MATLAB is a tool for research, not engineering. In research, you check hypotheses; you write a lot of throwaway code. The 0.1% of validated models that end up in production can be rewritten in other languages, but nothing replaces the fast turnaround time of MATLAB. Or similarly organized R Studio.
They've been conducting several outreach programs to move academics and students off expensive and proprietary (and therefore often pirated) software to free alternatives (mostly around the Python ecosystem).
The project is quite successful from what I know.
The future is here. As a research student in a developed nation, it's very annoying to deal with MATLAB projects. Our lab has a fairly strict no-new-code-written-in-MATLAB policy.
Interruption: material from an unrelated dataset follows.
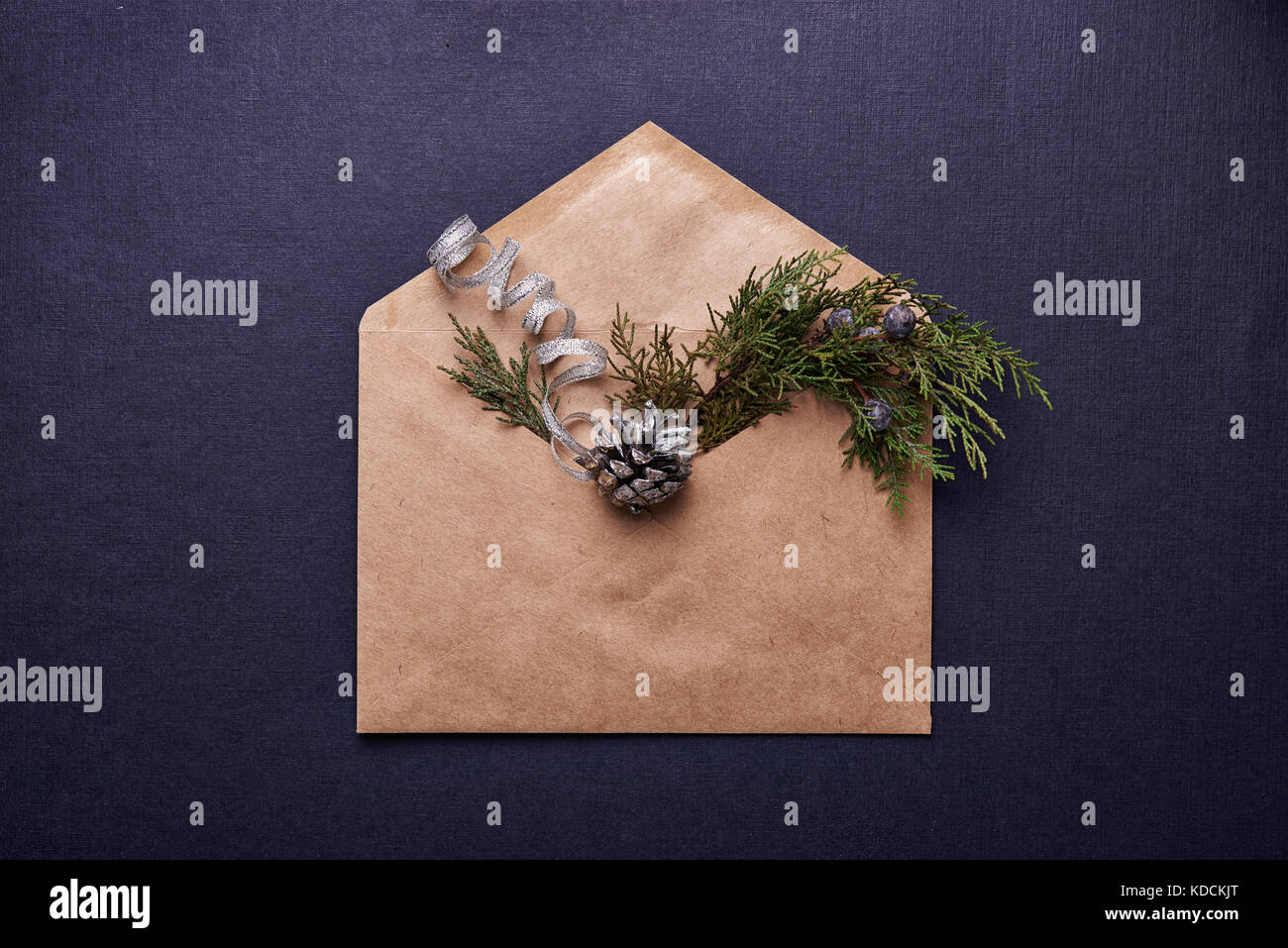 Decorazione per il natale. browm busta, evergreen ramoscello e cono di pino verniciato in argento su sfondo blu Foto Stock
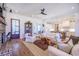 Bright living room with white sofas, wood floors, and an open layout leading to the kitchen at 1174 Hitchfield Ln, Awendaw, SC 29429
Getting a personal licence is fairly straightforward as a student (for now), but running it on a cluster, or anything beyond my personal computer is very annoying.
And cluster computing in MATLAB, I agree, is just that: a cluster.
Additionally I've not found a plotting solution that is as robust and fast as MATLAB.
MATLAB seems to me to be one of those commercial programs that has no good FOSS alternatives. Maybe it's just too niche, like CAD and EDA.
Huh? This has definitely not been my experience -- most of the things I've ported over seem to run about twice as fast in Julia as in the original vectorized Matlab (and probably more like 10x faster than naive non-vectorized Matlab)..
With that being said, there are a lot of Julia posts on the subreddit or stack overflow that go like "Why is this Julia code 10x slower than my Python code"? One issue is that getting good performance out of Julia isn't always obvious without a pretty good understanding of how it works. Thankfully, people are willing to help you tweak your code to make it much faster.
Overall I'm excited for Julia, but have a lot to learn. As far as Octave/Scilab type applications go, I find them useful for small systems where I need to make sure the math of what I'm doing is correct before writing it in something like Julia or Python + Numpy. Excel is also surprisingly good for the really simple stuff (Ex: inverting a small matrix and doing some matrix multiplications).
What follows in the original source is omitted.